**REQUIRED ACTION**. Below, find the line containing "фото отеля Shinta Mani Hotel Siem Reap"; from there to the final line, print every line exactly and skip the pictures.

____ MATERIAL PROVIDED

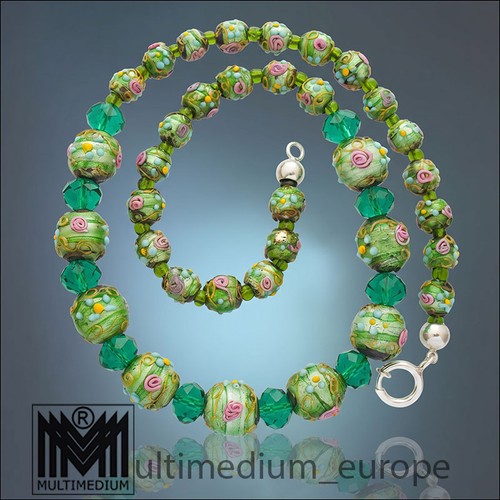 Vtg murano glas - vtg,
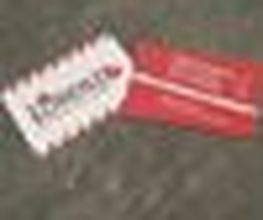 Lorenz Baudiensleistungen Bild 1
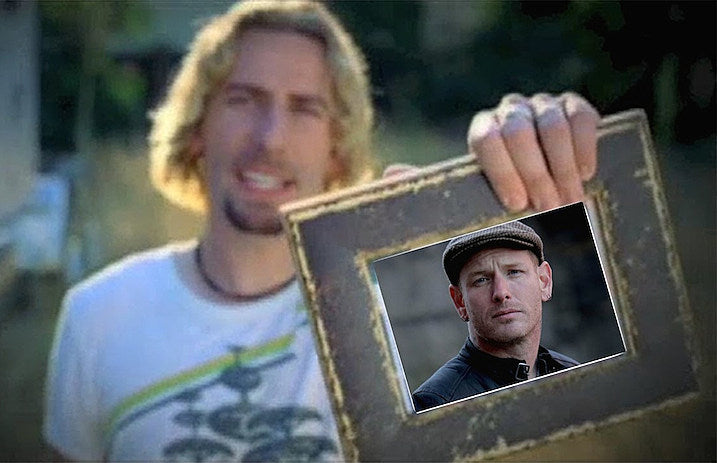 coreytaylor_responds_nickelback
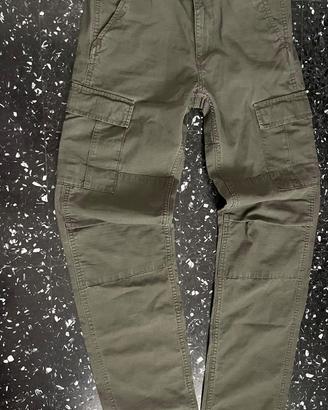 carhartt 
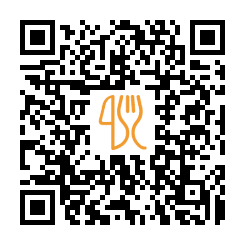 QR-code link către meniul Casa Irma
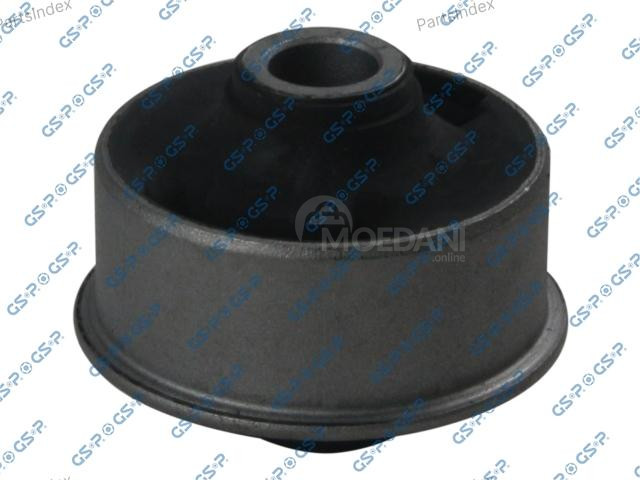 დაკიდების ბერკეტი richagi GS P 516217 თბილისი - photo 4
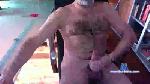ilmeglio2 cam4 livecam show performer room profile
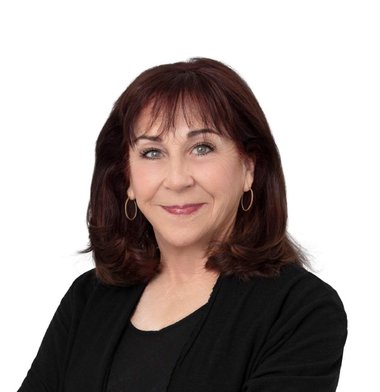 Patti Taylor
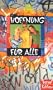Hoffnung f�r alle. Die Bibel. Trend Edition. Altes und Neues Testament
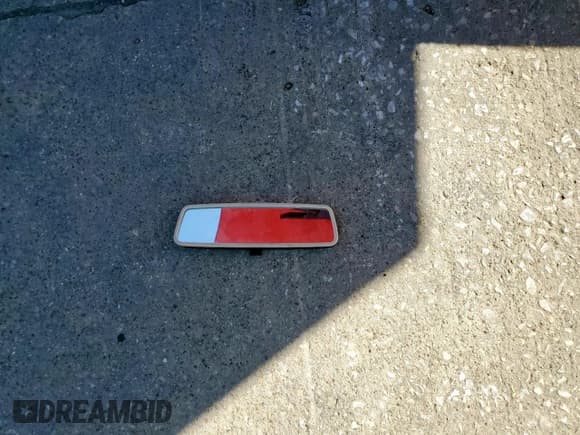 ✅ 2010 Volkswagen Jetta Limited Edition • VIN: 3VWRX7AJ0AM066370 • Lot: 54151345. Listed on Copart with 146,861 mi. Free auction sales archive from the USA and detailed vehicle history report at DreamBid. Image 12.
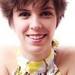 Toni tutors Essay Editing in Fort Worth, TX Toni tutors Essay Editing in Fort Worth, TX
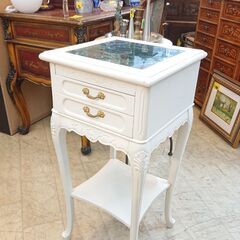 ラーメンズ DVD 15枚セット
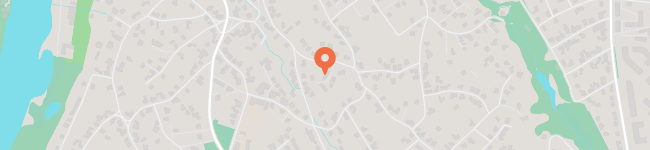 Карта: Винница, ул. Петровского, 36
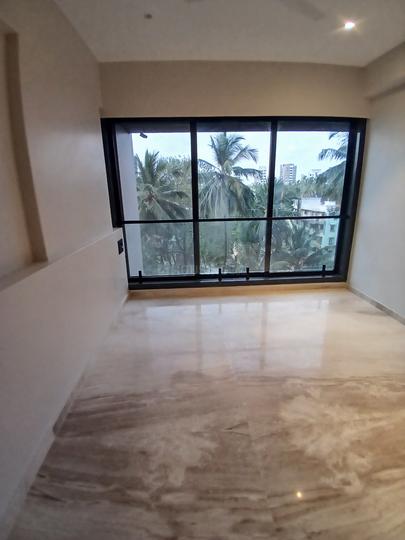 Seasons Trimurti Main Image 1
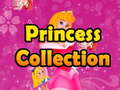 Peli Princess collection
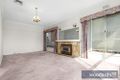 Property photo of 2 Gwendoline Avenue Bentleigh VIC 3204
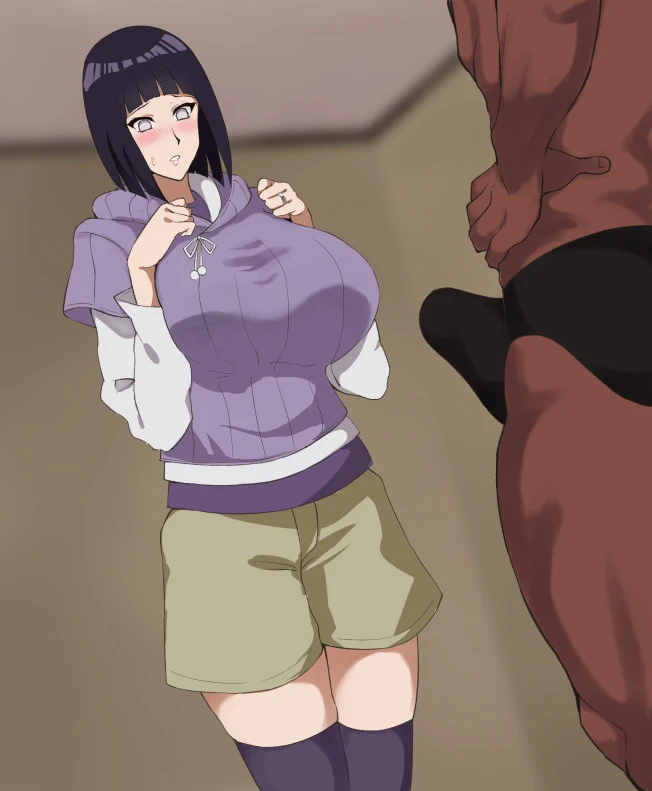 hyuuga-hinata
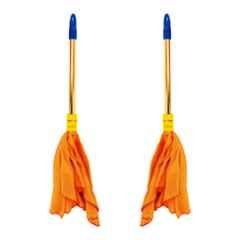 Vimal V1 Golden Duster (Pack of 2)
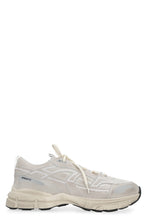 Load image into Gallery viewer, Marathon R-Trail low-top sneakers
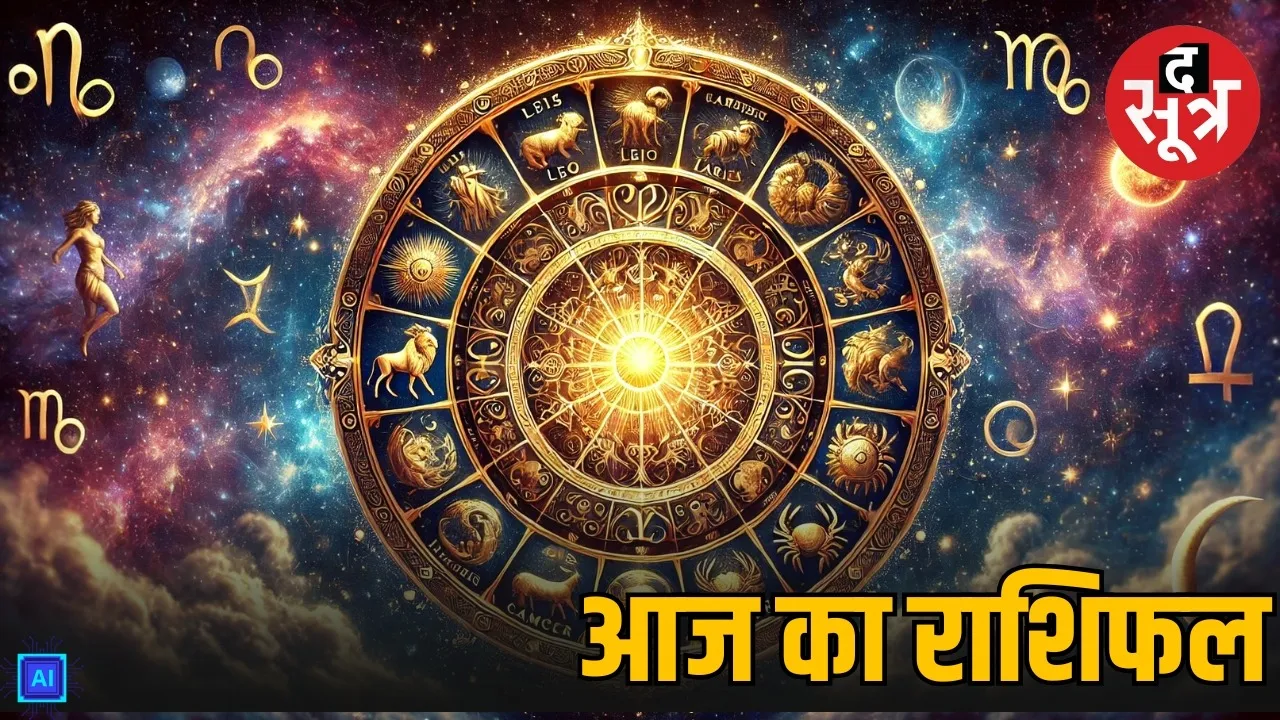 horoscope-saturday-december-27-2025-know-your-zodiac-signs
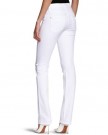 James-Jeans-Womens-Hunter-Straight-Jeans-Frost-White-W28L33-0-0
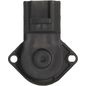 injetech-sensor-de-posicion-del-acelerador-tps-ford-mondeo-2001-2007-mondeo-l4-2-0l-v6-2-5l-v6-3-0l-0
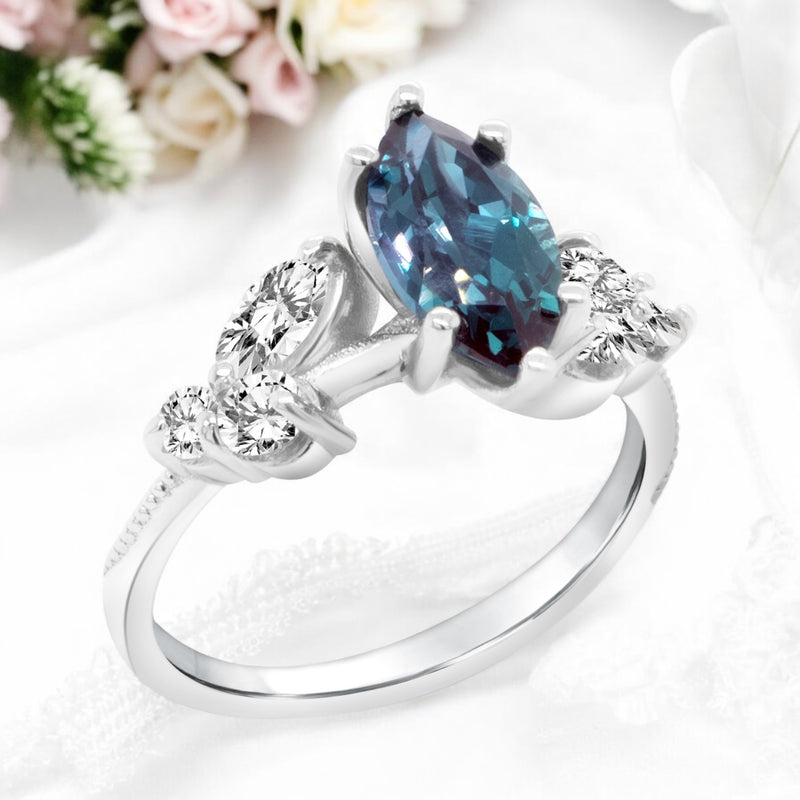 The Final Product - A Set as Unique as Your Love
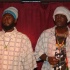 reggae_all_star_launch-55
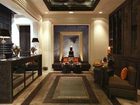 фото отеля Shinta Mani Hotel Siem Reap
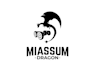 design a custom construction company logo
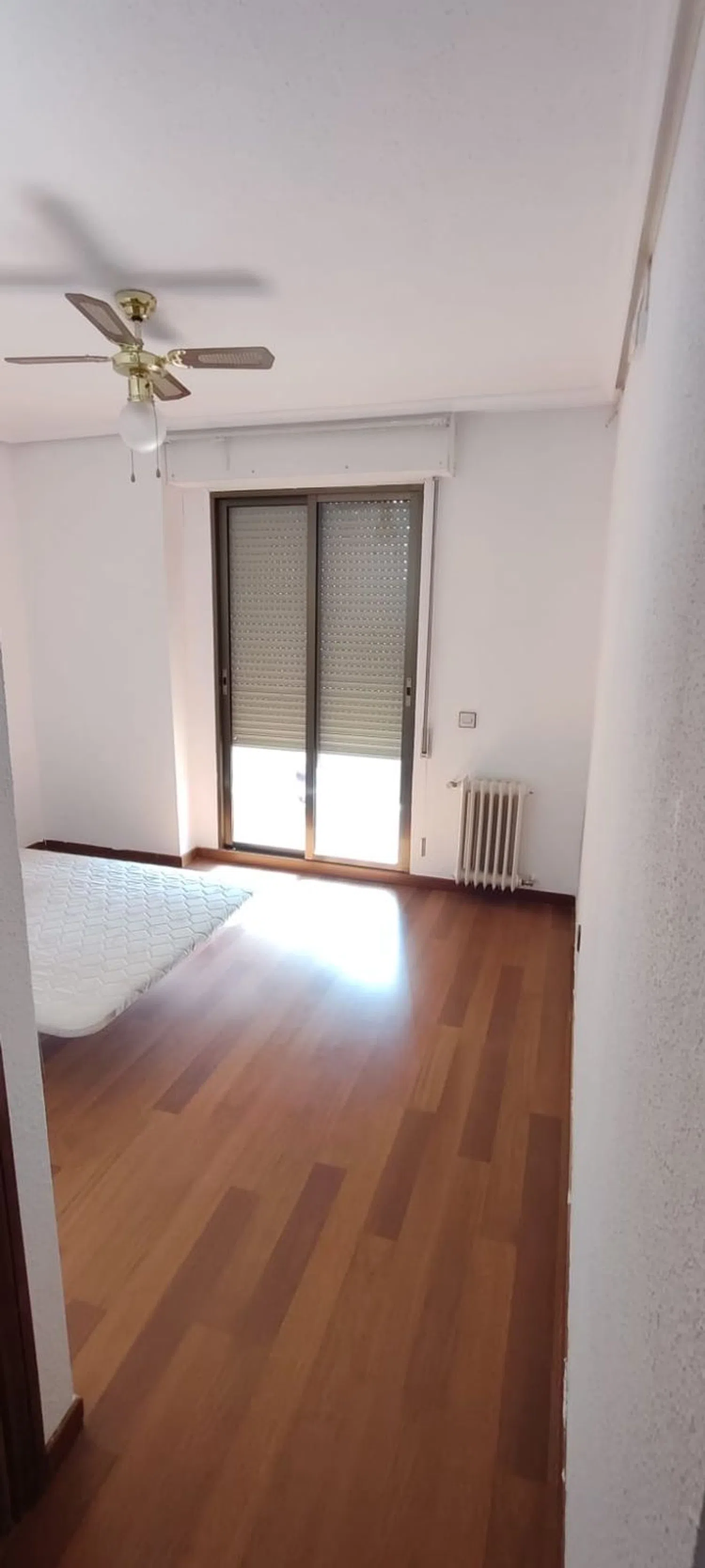 Piso en calle de Sangenjo, 6 - Foto 15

________

**RESPONSE TO THIS EXERCISE**.
 фото отеля Shinta Mani Hotel Siem Reap
 design a custom construction company logo
 Piso en calle de Sangenjo, 6 - Foto 15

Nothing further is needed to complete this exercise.